*Work item:* Could you copy, exactly as written, every line from the first line of the records through the one containing "Дамски панталон Zara, Размер"?

*** The data Section Begins ***

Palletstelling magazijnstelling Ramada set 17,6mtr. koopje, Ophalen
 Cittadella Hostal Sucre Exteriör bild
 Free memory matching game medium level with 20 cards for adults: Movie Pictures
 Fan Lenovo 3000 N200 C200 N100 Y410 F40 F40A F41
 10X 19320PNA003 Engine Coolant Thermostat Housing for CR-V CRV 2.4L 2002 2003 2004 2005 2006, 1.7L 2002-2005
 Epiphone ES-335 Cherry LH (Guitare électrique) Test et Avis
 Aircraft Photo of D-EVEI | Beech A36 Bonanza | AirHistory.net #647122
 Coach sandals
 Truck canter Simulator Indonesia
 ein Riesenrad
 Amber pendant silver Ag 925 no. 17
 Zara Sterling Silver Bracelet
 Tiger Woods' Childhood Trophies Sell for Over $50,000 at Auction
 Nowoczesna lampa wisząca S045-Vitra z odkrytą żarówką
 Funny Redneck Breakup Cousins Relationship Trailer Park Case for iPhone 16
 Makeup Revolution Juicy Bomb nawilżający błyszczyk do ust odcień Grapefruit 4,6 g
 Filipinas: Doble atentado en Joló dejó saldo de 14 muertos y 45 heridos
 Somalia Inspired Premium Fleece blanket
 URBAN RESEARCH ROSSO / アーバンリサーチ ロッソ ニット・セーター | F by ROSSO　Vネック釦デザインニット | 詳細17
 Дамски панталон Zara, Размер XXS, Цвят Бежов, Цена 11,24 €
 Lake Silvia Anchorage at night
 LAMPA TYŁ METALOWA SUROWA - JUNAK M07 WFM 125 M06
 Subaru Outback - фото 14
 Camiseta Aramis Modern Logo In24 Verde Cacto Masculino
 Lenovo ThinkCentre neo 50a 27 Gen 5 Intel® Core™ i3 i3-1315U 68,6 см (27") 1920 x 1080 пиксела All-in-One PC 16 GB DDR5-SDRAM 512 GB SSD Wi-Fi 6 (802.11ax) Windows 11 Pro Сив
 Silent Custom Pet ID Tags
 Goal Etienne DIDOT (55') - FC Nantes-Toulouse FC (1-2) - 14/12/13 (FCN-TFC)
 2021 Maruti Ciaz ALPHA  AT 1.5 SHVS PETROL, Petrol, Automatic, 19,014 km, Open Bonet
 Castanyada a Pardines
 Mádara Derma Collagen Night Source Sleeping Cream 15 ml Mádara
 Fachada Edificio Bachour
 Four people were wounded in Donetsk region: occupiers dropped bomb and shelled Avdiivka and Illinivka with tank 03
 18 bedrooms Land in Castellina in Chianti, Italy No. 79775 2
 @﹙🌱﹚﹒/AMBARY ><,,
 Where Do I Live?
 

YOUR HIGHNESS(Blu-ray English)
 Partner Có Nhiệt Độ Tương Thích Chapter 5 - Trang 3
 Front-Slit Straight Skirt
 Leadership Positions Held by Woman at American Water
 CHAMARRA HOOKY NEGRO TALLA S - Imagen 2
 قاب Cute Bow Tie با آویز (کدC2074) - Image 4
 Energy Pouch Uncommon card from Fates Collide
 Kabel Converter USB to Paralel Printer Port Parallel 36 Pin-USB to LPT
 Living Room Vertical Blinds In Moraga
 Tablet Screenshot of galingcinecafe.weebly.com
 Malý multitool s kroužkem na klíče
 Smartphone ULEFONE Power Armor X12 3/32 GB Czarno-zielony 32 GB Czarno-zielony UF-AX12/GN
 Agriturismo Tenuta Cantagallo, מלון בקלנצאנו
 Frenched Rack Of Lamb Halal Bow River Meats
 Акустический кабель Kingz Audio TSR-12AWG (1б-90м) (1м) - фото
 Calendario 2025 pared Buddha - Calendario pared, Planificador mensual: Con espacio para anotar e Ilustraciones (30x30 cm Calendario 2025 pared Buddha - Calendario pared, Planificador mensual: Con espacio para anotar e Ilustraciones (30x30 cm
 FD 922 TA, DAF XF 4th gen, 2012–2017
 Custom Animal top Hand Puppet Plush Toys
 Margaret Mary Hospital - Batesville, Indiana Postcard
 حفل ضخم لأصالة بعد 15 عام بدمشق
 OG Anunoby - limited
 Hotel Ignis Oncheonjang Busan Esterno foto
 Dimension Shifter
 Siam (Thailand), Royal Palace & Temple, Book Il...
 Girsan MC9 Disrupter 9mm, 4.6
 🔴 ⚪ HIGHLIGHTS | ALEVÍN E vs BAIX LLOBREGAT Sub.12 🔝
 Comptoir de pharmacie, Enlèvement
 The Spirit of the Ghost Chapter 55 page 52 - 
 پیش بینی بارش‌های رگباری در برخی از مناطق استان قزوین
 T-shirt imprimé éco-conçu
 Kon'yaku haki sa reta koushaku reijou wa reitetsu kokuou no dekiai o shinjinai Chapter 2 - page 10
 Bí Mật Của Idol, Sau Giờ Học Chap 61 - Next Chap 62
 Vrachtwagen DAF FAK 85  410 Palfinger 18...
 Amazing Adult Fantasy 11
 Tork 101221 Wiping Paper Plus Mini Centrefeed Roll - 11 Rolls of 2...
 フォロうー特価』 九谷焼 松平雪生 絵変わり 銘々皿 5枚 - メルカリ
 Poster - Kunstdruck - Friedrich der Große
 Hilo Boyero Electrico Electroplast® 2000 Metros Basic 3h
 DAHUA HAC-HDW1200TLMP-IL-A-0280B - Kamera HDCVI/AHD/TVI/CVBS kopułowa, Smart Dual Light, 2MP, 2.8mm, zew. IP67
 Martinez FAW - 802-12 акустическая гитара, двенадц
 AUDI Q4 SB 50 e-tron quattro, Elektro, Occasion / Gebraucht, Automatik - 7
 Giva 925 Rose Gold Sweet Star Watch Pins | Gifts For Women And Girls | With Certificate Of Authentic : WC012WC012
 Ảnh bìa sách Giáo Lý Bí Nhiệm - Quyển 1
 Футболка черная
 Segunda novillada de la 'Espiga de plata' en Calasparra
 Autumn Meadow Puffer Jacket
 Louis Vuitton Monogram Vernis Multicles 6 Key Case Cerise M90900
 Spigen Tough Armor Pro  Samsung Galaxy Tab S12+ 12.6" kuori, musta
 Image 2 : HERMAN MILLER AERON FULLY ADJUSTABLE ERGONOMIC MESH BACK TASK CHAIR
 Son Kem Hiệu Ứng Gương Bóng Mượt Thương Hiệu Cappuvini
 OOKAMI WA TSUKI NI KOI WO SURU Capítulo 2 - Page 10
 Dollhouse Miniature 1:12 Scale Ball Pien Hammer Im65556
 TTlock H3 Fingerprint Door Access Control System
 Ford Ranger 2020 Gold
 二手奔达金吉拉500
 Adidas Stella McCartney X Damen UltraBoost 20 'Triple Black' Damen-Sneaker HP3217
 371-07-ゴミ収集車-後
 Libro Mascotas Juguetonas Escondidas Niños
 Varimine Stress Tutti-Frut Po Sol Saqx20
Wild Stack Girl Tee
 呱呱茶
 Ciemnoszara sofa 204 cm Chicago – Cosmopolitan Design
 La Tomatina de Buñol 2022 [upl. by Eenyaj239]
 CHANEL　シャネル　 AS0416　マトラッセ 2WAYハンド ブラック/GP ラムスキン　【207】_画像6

*** The data Section Ends ***

*Response area:*
Palletstelling magazijnstelling Ramada set 17,6mtr. koopje, Ophalen
 Cittadella Hostal Sucre Exteriör bild
 Free memory matching game medium level with 20 cards for adults: Movie Pictures
 Fan Lenovo 3000 N200 C200 N100 Y410 F40 F40A F41
 10X 19320PNA003 Engine Coolant Thermostat Housing for CR-V CRV 2.4L 2002 2003 2004 2005 2006, 1.7L 2002-2005
 Epiphone ES-335 Cherry LH (Guitare électrique) Test et Avis
 Aircraft Photo of D-EVEI | Beech A36 Bonanza | AirHistory.net #647122
 Coach sandals
 Truck canter Simulator Indonesia
 ein Riesenrad
 Amber pendant silver Ag 925 no. 17
 Zara Sterling Silver Bracelet
 Tiger Woods' Childhood Trophies Sell for Over $50,000 at Auction
 Nowoczesna lampa wisząca S045-Vitra z odkrytą żarówką
 Funny Redneck Breakup Cousins Relationship Trailer Park Case for iPhone 16
 Makeup Revolution Juicy Bomb nawilżający błyszczyk do ust odcień Grapefruit 4,6 g
 Filipinas: Doble atentado en Joló dejó saldo de 14 muertos y 45 heridos
 Somalia Inspired Premium Fleece blanket
 URBAN RESEARCH ROSSO / アーバンリサーチ ロッソ ニット・セーター | F by ROSSO　Vネック釦デザインニット | 詳細17
 Дамски панталон Zara, Размер XXS, Цвят Бежов, Цена 11,24 €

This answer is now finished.